* **REQUIRED WORK**: The entries below are to be repeated exactly, and their pictures left out.

········

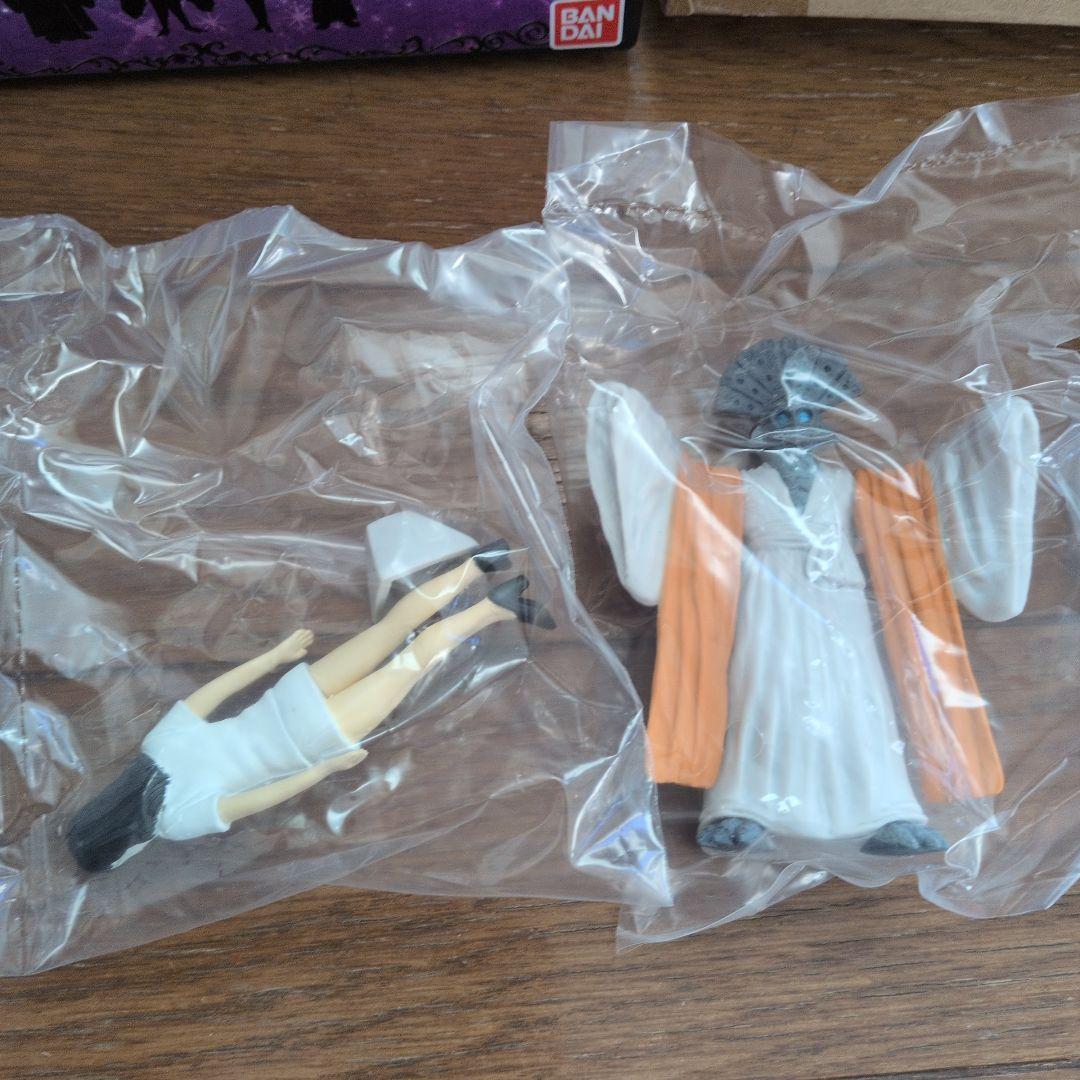 K*N様 HG 原色ウルトラ怪獣大百科　その4 怪獣美少女コンテスト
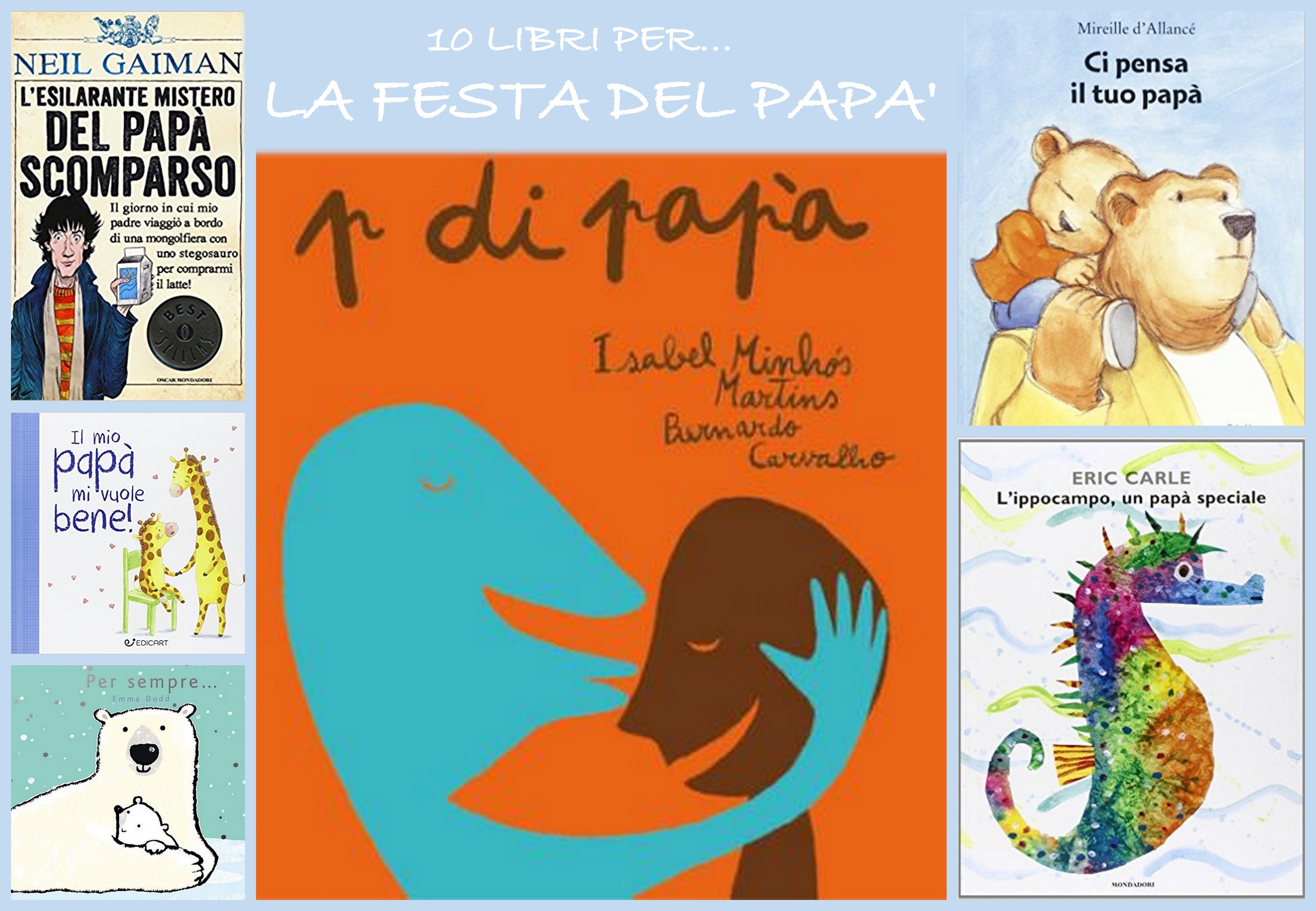 Ti Amo Papà: Libro Personalizzato per La Festa Del Papà o Compleanno I Libri  da Completare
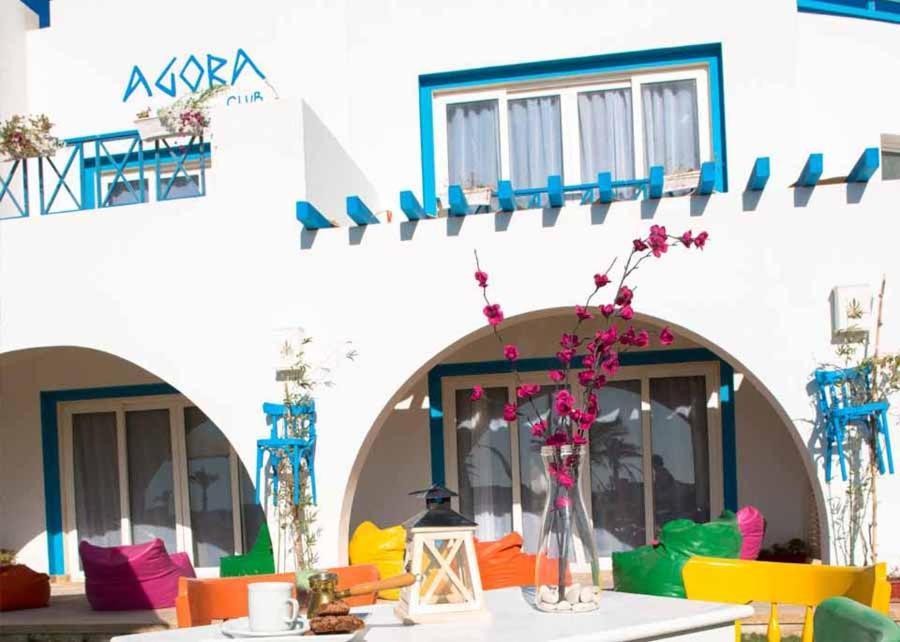 Mountain View North Coast Families Only Villa Ras Elhekma Exterior photo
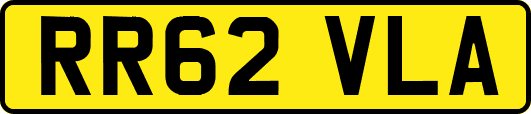 RR62VLA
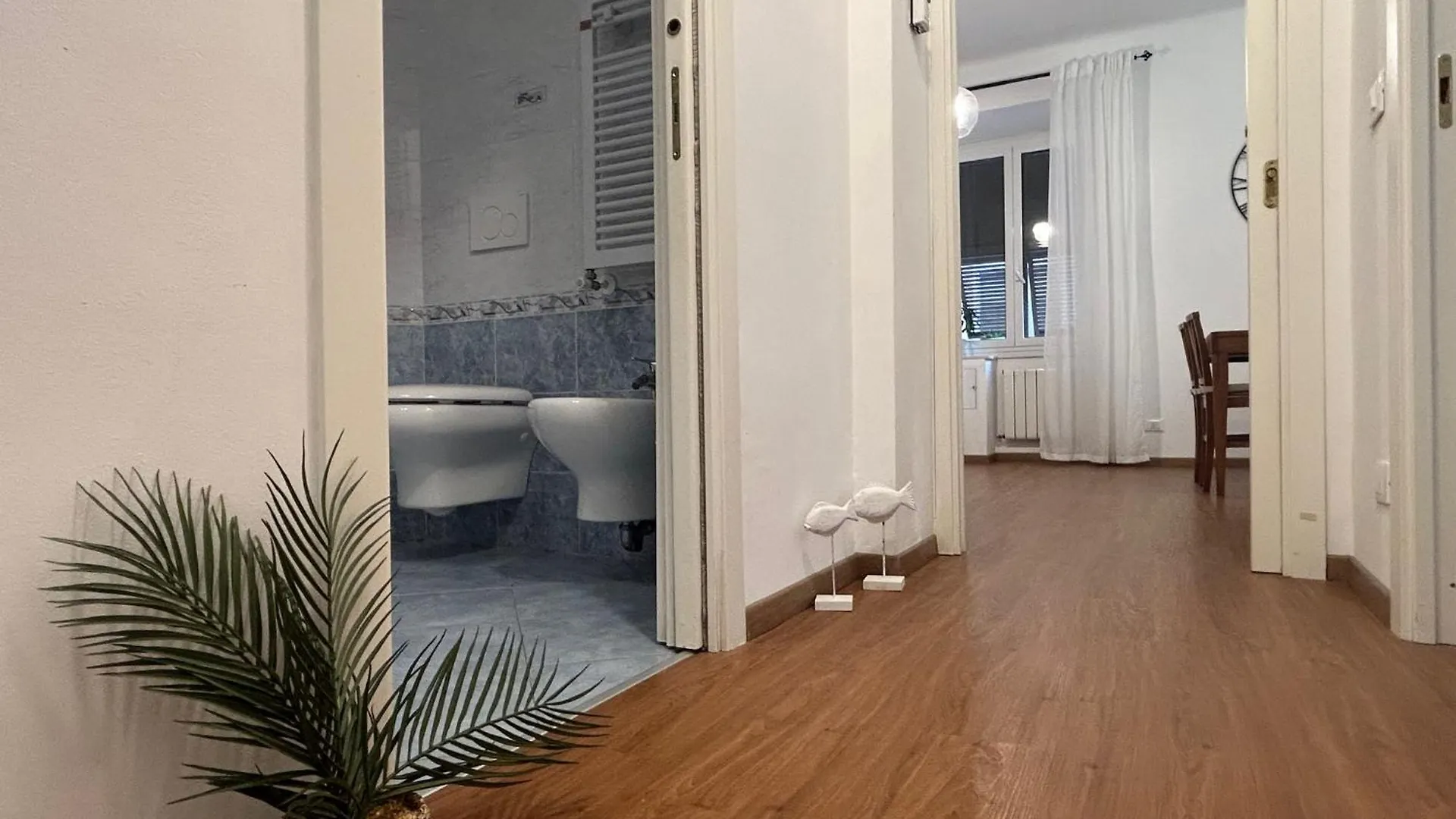 River House By Holiday World Genoa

········

* **TASK RESPONSE**:
 K*N様 HG 原色ウルトラ怪獣大百科　その4 怪獣美少女コンテスト
 Ti Amo Papà: Libro Personalizzato per La Festa Del Papà o Compleanno I Libri  da Completare
 Mountain View North Coast Families Only Villa Ras Elhekma Exterior photo
 RR62VLA
 River House By Holiday World Genoa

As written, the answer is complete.